The new scariest-word-in-the-vocabulary is “variants.” They’ve arrived in America from far-flung coronavirus capitals, such as South Africa and Brazil, and they are mutating with enough infectious potency to weaken the efficacy of vaccines that are supposed to save us. “A wakeup call,” said Dr. Anthony Fauci, who really hasn’t been wrong yet.
Except you won’t hear “variants” uttered much this week in Tampa, where the NFL is throwing itself a COVID-19 victory party of sorts. Roger Goodell and the owners are ready to turn Super Bowl Sunday into a patriotic celebration of perseverance, having demonstrated how to survive a pandemic-pocked season without cancelling even one game. I can hear Jim Nantz now, gushing about the triumph of our inherent spirit and the light at the end of our dark national tunnel. Certainly, in the short term, the league should be proud of its six-month effort — which seems too good and clean to be true — while trumpeting its success in a scientific paper published by the Centers for Disease Control.

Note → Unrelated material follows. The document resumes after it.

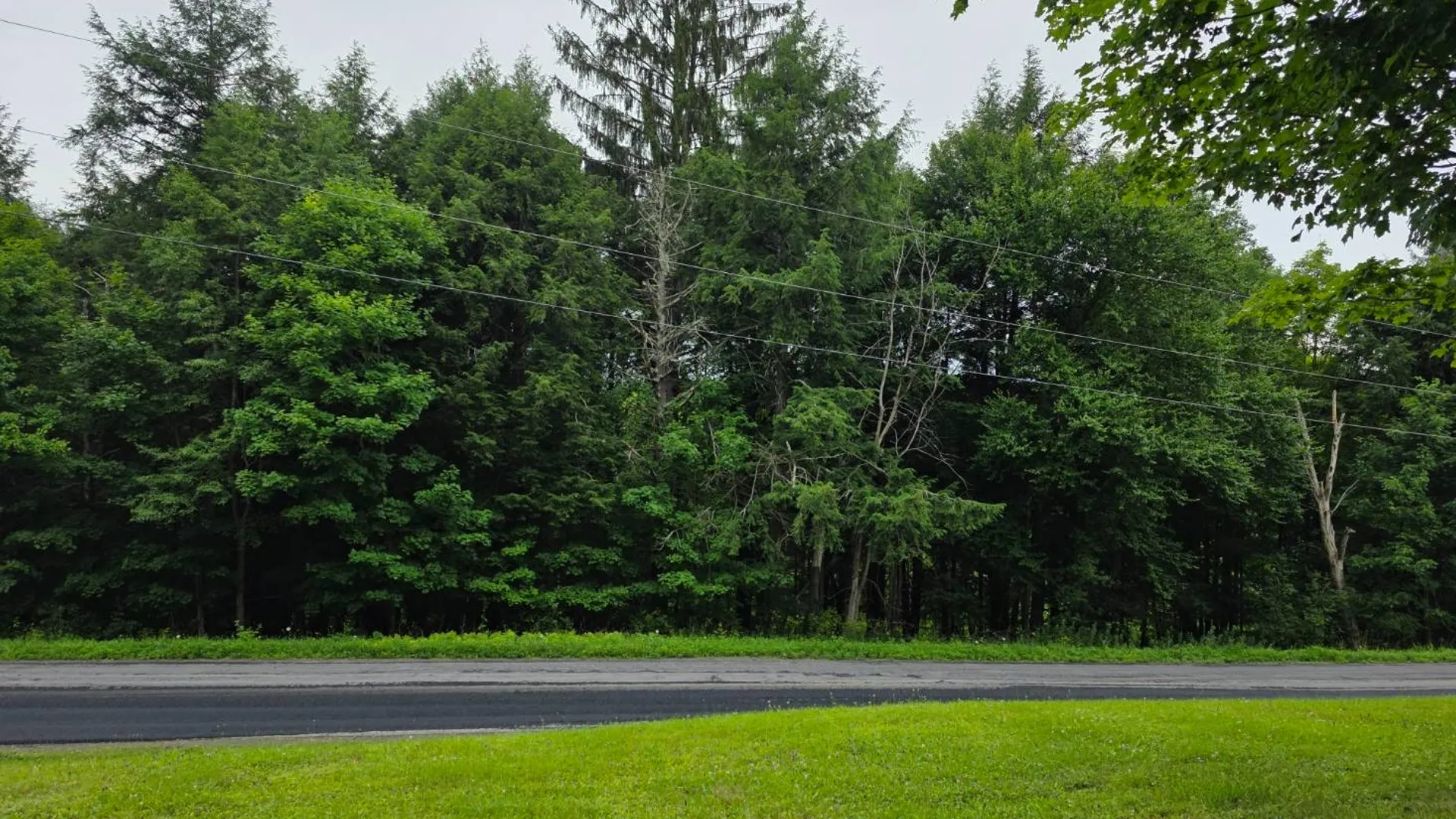Property at 762 COUNTY HIGHWAY 16, MOUNT VISION, NY 13810 45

“We hope that our experience will have benefits for public health generally, and we’re pleased that the CDC was willing to engage with us on that topic,” league executive Jeff Miller said.

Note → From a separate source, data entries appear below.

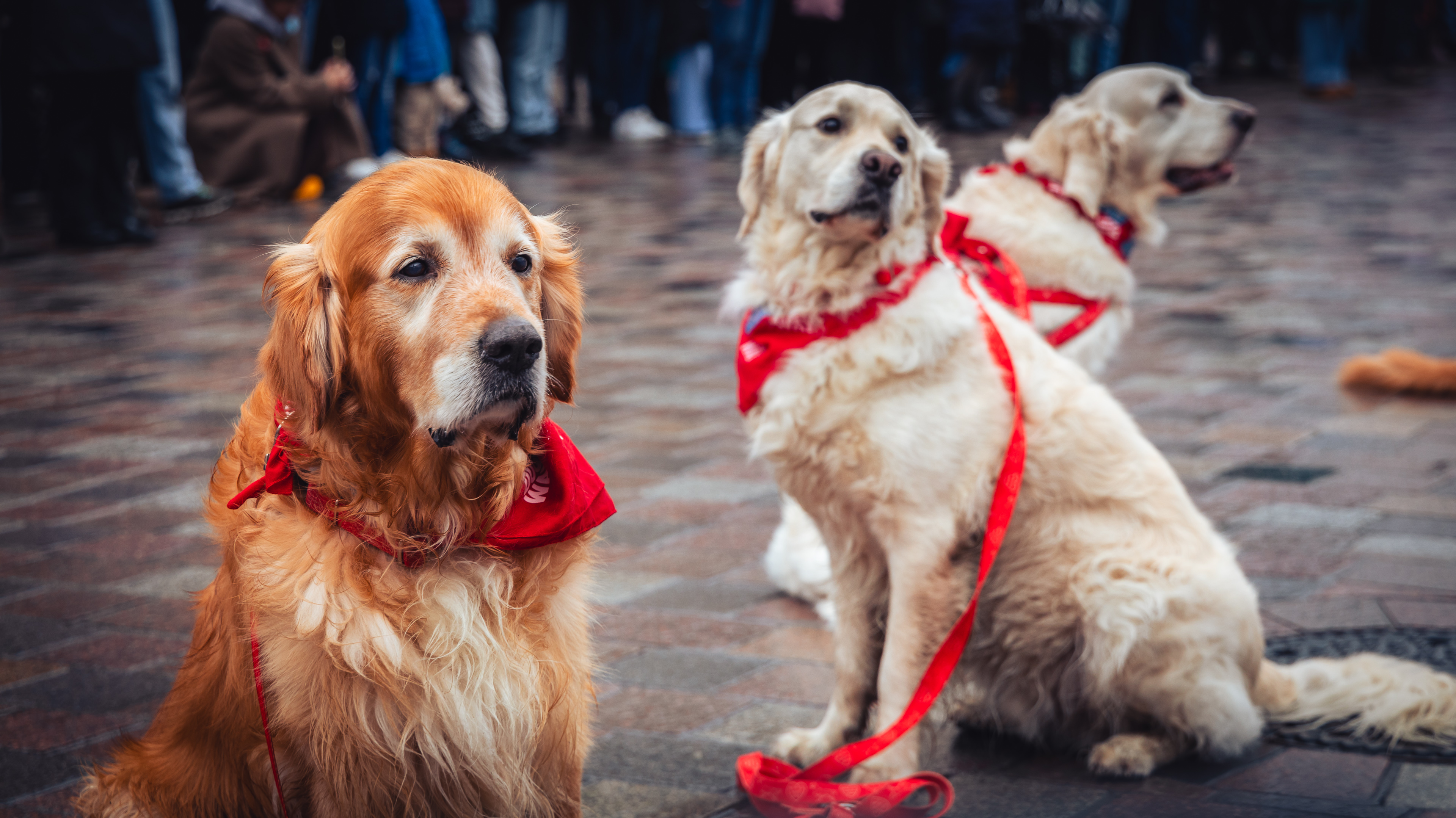 Zdjęcie przedstawia grupę trzech mężczyzn morsujących w jeziorze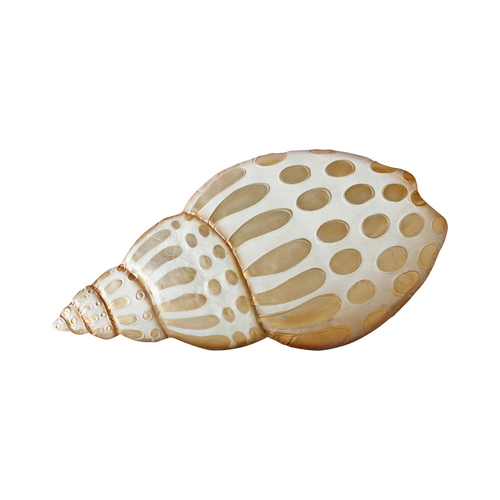 Darlin Capiz/Metal 36x20cm Babylonia Shell Wall Art V2 Hanging Decor Beige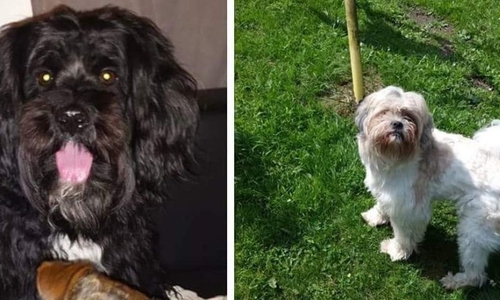 Samy und Prinz sind verschwunden. Wer hat die Hunde gesehen. Foto: Privat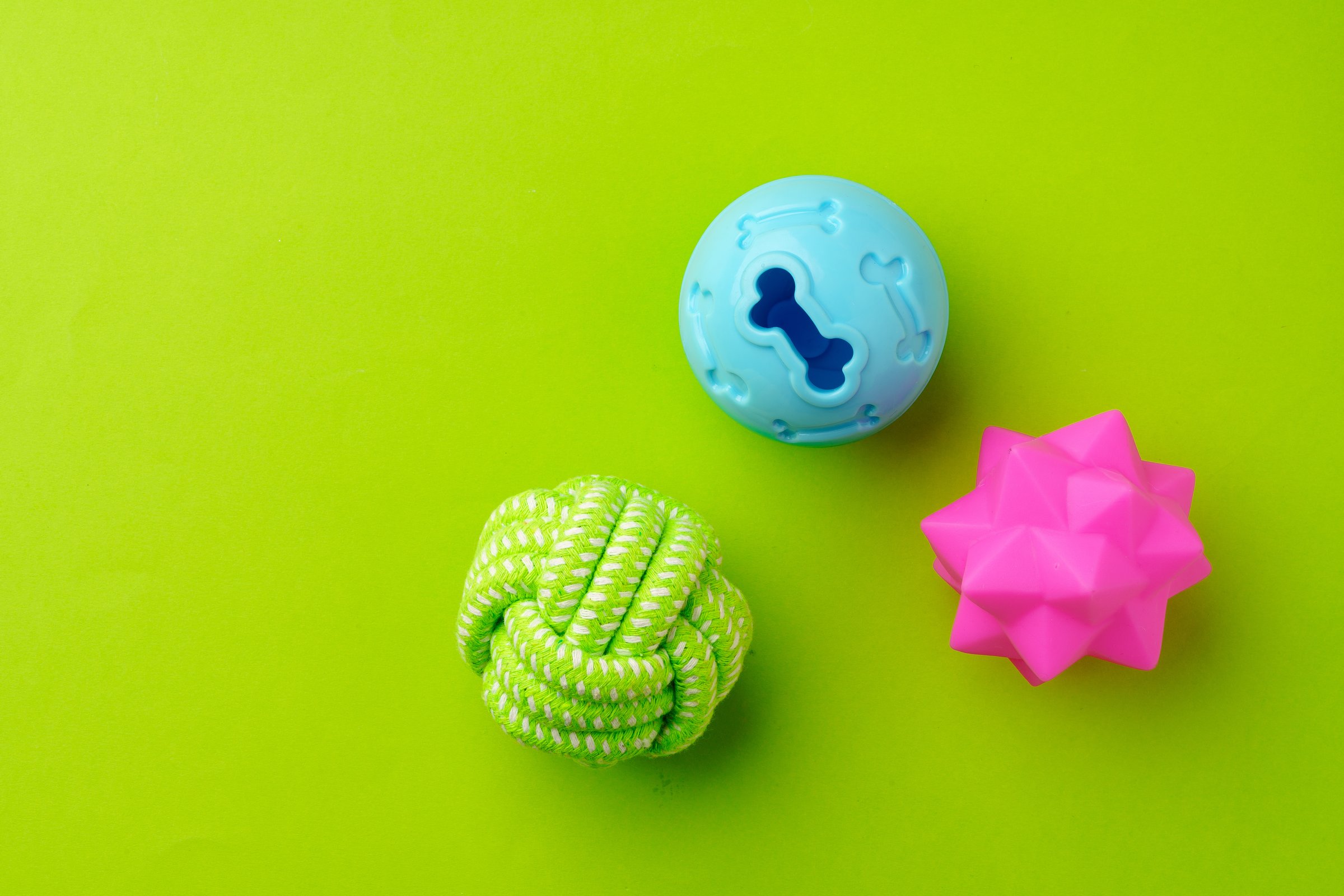 Colorful pet toys balls on green background close up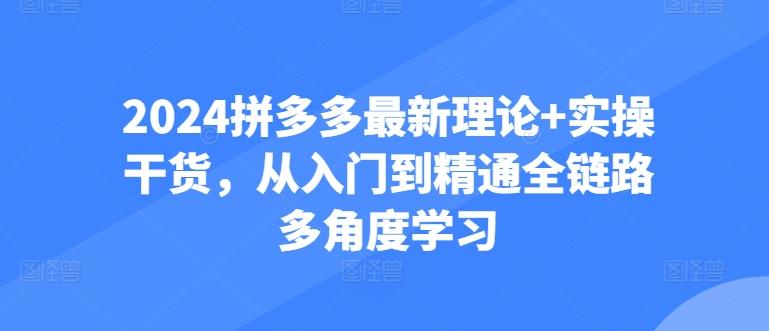 2024拼多多最新理论+实操干货，从入门到精通全链路多角度学习-创新Ovo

“We were able to show that you can play a team sport while minimizing risk to the participants,” said Dr. Allen Sills, the NFL’s chief medical officer.

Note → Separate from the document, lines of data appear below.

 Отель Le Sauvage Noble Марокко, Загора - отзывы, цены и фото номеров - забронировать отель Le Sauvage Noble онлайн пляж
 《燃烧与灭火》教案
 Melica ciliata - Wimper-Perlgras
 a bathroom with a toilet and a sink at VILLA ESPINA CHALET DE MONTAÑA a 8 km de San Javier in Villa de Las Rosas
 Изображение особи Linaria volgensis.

The problem with all this backslapping, of course, is that it creates a false and premature narrative: an almighty sports league showing Americans how to navigate the virus landmines. In truth, the only light created was within the NFL itself. When the 32 franchises alone are worth a collective $100 billion, it isn’t too difficult to invest $100 million in the 955,000-plus daily tests that kept the schedule as coronavirus-free as possible. Confronting COVID-19 is more easily accomplished when the wealthy and privileged are driving the tanks. So let’s not shoot off fireworks and turn this into the 2021 version of a previous Americana spectacle in the same Florida city, 30 years ago, when Whitney Houston made us cry during the Persian Gulf War with the greatest national anthem of all.
Our war against the pandemic is not ending. It is just getting started.
“The road to herd immunity from the coronavirus suddenly looks longer,” the Washington Post wrote Sunday. “The emergence of more transmissible, potentially vaccine-evading variants threatens to extend the global health disaster and make 2021 feel too much like 2020. A complicated mix of good news and bad news makes any forecast for the coming months fuzzy. But scientists have one clear and sobering message: The pandemic is a long way from over.”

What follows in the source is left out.